I haven’t posted enough food stuff here lately (though you can always check out my bread blog!), but I have made this stew a couple of times in the last few weeks and it always turns out amazingly well, and super-easy to make. Utterly perfect for autumn in Canada.
THIS RECIPE ACCEPTS LEFTOVERS! If you have a decent quantity of leftover roasted veggies, skip the labourious Step 1 and just toss them in instead. Ditto with whatever leftovers you have from last Shabbos’s chicken (or any) soup. I made it once with a chicken/squash soup and it was utterly amazing. Leftover grains would probably also be scrumptious; add in Step 4 with the soup/broth.

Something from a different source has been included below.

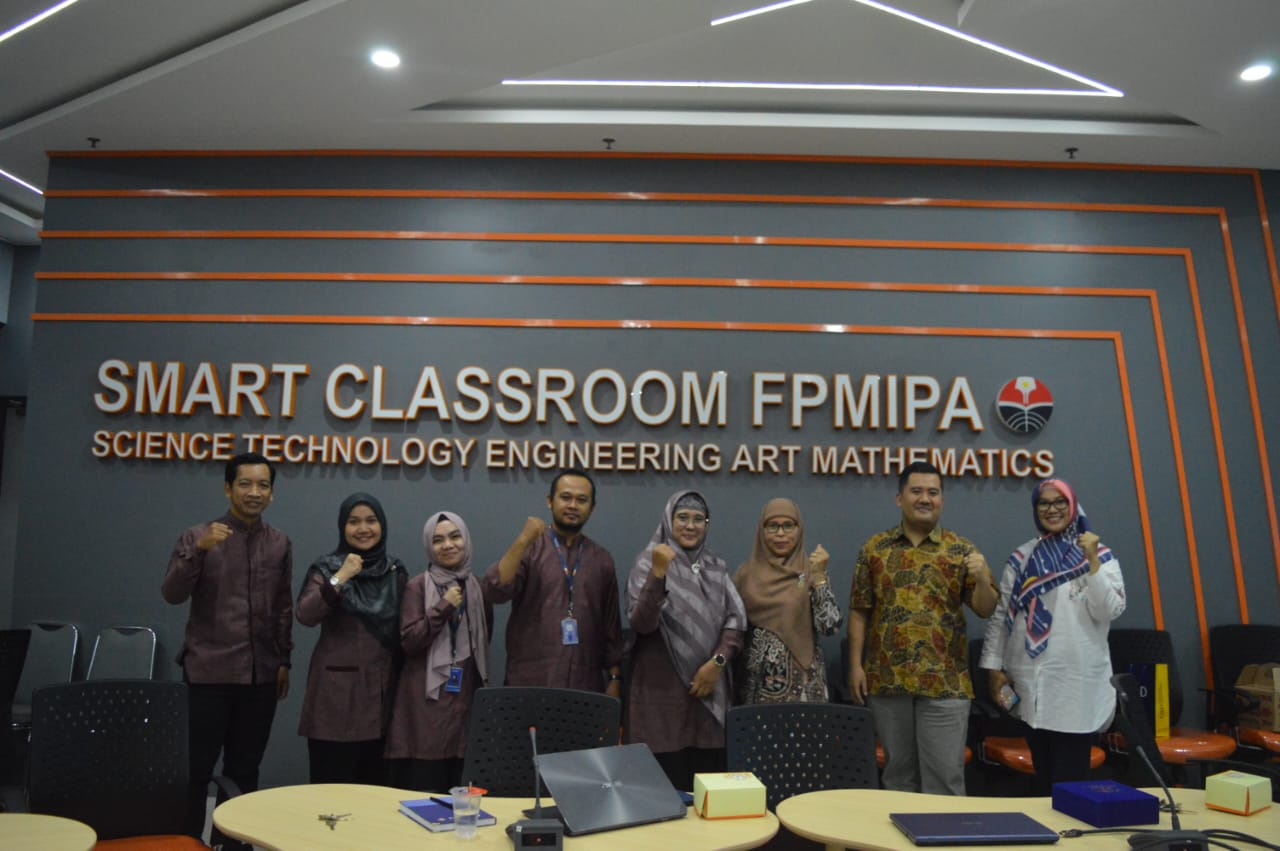 KUNJUNGAN AKADEMIK DAN BENCHMARKING MAGISTER PENDIDIKAN MATEMATIKA FKIP ...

If I didn’t have a pressure cooker, I’d probably just do this in a pot and it would still be very good. The pressure cooker reduces the cooking time, I guess, and perhaps it does a better job of getting all the flavour out of the veggies. And I like having something I can use my pressure cooker for besides sausage risotto.
Step 1: Prep and roast a bunch of veggies at 400°-425°. This is the hardest part, I promise! The mix of veggies is very casual and just depends what you have on hand. Here, I’ve used onions, potatoes (organic red, skin-on), carrots, garlic, parsnip. Growing up with my mother, it just doesn’t taste stew-y without parsnip. Red peppers would work fine, as would zucchini. Whatever you’ve got.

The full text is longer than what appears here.